ASSIGNMENT: From the first line to the last, write out the material exactly.

PROVIDED DATA:
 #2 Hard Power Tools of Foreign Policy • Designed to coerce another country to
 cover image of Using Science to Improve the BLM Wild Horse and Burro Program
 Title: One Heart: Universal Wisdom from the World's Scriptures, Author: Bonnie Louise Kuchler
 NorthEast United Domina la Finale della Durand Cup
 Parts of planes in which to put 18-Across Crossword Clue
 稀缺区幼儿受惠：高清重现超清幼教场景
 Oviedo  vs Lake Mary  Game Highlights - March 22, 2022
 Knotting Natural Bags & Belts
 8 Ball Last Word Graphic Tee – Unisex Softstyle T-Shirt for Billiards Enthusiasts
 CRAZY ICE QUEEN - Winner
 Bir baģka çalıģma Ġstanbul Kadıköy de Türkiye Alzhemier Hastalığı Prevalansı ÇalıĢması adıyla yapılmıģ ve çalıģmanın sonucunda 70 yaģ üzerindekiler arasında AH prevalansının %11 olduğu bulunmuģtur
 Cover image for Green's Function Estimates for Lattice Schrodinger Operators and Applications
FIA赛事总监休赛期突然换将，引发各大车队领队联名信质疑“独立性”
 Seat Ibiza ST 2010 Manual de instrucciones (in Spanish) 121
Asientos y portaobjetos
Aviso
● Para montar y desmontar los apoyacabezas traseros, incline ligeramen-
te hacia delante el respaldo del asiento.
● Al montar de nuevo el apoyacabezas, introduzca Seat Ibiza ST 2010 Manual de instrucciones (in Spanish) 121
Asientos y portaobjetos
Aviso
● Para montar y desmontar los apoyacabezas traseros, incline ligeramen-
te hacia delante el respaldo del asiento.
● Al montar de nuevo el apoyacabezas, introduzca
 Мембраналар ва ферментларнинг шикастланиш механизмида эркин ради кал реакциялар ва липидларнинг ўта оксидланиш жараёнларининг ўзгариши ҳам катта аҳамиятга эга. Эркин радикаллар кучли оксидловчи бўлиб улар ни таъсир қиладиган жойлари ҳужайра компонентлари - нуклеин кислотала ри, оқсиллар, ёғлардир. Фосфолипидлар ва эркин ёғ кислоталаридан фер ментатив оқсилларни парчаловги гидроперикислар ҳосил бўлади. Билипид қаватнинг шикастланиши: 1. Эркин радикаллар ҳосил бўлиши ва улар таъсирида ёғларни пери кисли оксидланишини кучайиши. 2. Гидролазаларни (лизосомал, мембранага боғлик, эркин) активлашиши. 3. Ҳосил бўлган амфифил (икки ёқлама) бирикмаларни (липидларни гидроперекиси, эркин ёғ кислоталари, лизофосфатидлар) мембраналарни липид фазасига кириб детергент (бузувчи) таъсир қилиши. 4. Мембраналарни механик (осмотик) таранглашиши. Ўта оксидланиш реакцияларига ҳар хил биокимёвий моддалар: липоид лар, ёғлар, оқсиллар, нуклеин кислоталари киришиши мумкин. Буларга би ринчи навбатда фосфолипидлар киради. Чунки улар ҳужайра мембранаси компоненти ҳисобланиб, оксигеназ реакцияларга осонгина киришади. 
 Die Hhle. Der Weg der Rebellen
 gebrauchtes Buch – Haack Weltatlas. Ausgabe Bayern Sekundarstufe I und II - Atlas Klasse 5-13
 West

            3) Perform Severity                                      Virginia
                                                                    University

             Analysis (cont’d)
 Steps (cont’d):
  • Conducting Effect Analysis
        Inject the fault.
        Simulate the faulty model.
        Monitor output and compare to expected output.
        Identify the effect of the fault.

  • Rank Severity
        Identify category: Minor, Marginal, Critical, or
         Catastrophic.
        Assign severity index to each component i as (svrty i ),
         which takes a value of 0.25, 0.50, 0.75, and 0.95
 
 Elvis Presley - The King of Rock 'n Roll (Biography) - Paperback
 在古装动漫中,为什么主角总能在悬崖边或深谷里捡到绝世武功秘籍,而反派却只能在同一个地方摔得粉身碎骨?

SOLUTION BELOW:
 #2 Hard Power Tools of Foreign Policy • Designed to coerce another country to
 cover image of Using Science to Improve the BLM Wild Horse and Burro Program
 Title: One Heart: Universal Wisdom from the World's Scriptures, Author: Bonnie Louise Kuchler
 NorthEast United Domina la Finale della Durand Cup
 Parts of planes in which to put 18-Across Crossword Clue
 稀缺区幼儿受惠：高清重现超清幼教场景
 Oviedo  vs Lake Mary  Game Highlights - March 22, 2022
 Knotting Natural Bags & Belts
 8 Ball Last Word Graphic Tee – Unisex Softstyle T-Shirt for Billiards Enthusiasts
 CRAZY ICE QUEEN - Winner
 Bir baģka çalıģma Ġstanbul Kadıköy de Türkiye Alzhemier Hastalığı Prevalansı ÇalıĢması adıyla yapılmıģ ve çalıģmanın sonucunda 70 yaģ üzerindekiler arasında AH prevalansının %11 olduğu bulunmuģtur
 Cover image for Green's Function Estimates for Lattice Schrodinger Operators and Applications
FIA赛事总监休赛期突然换将，引发各大车队领队联名信质疑“独立性”
 Seat Ibiza ST 2010 Manual de instrucciones (in Spanish) 121
Asientos y portaobjetos
Aviso
● Para montar y desmontar los apoyacabezas traseros, incline ligeramen-
te hacia delante el respaldo del asiento.
● Al montar de nuevo el apoyacabezas, introduzca Seat Ibiza ST 2010 Manual de instrucciones (in Spanish) 121
Asientos y portaobjetos
Aviso
● Para montar y desmontar los apoyacabezas traseros, incline ligeramen-
te hacia delante el respaldo del asiento.
● Al montar de nuevo el apoyacabezas, introduzca
 Мембраналар ва ферментларнинг шикастланиш механизмида эркин ради кал реакциялар ва липидларнинг ўта оксидланиш жараёнларининг ўзгариши ҳам катта аҳамиятга эга. Эркин радикаллар кучли оксидловчи бўлиб улар ни таъсир қиладиган жойлари ҳужайра компонентлари - нуклеин кислотала ри, оқсиллар, ёғлардир. Фосфолипидлар ва эркин ёғ кислоталаридан фер ментатив оқсилларни парчаловги гидроперикислар ҳосил бўлади. Билипид қаватнинг шикастланиши: 1. Эркин радикаллар ҳосил бўлиши ва улар таъсирида ёғларни пери кисли оксидланишини кучайиши. 2. Гидролазаларни (лизосомал, мембранага боғлик, эркин) активлашиши. 3. Ҳосил бўлган амфифил (икки ёқлама) бирикмаларни (липидларни гидроперекиси, эркин ёғ кислоталари, лизофосфатидлар) мембраналарни липид фазасига кириб детергент (бузувчи) таъсир қилиши. 4. Мембраналарни механик (осмотик) таранглашиши. Ўта оксидланиш реакцияларига ҳар хил биокимёвий моддалар: липоид лар, ёғлар, оқсиллар, нуклеин кислоталари киришиши мумкин. Буларга би ринчи навбатда фосфолипидлар киради. Чунки улар ҳужайра мембранаси компоненти ҳисобланиб, оксигеназ реакцияларга осонгина киришади. 
 Die Hhle. Der Weg der Rebellen
 gebrauchtes Buch – Haack Weltatlas. Ausgabe Bayern Sekundarstufe I und II - Atlas Klasse 5-13
 West

            3) Perform Severity                                      Virginia
                                                                    University

             Analysis (cont’d)
 Steps (cont’d):
  • Conducting Effect Analysis
        Inject the fault.
        Simulate the faulty model.
        Monitor output and compare to expected output.
        Identify the effect of the fault.

  • Rank Severity
        Identify category: Minor, Marginal, Critical, or
         Catastrophic.
        Assign severity index to each component i as (svrty i ),
         which takes a value of 0.25, 0.50, 0.75, and 0.95
 
 Elvis Presley - The King of Rock 'n Roll (Biography) - Paperback
 在古装动漫中,为什么主角总能在悬崖边或深谷里捡到绝世武功秘籍,而反派却只能在同一个地方摔得粉身碎骨?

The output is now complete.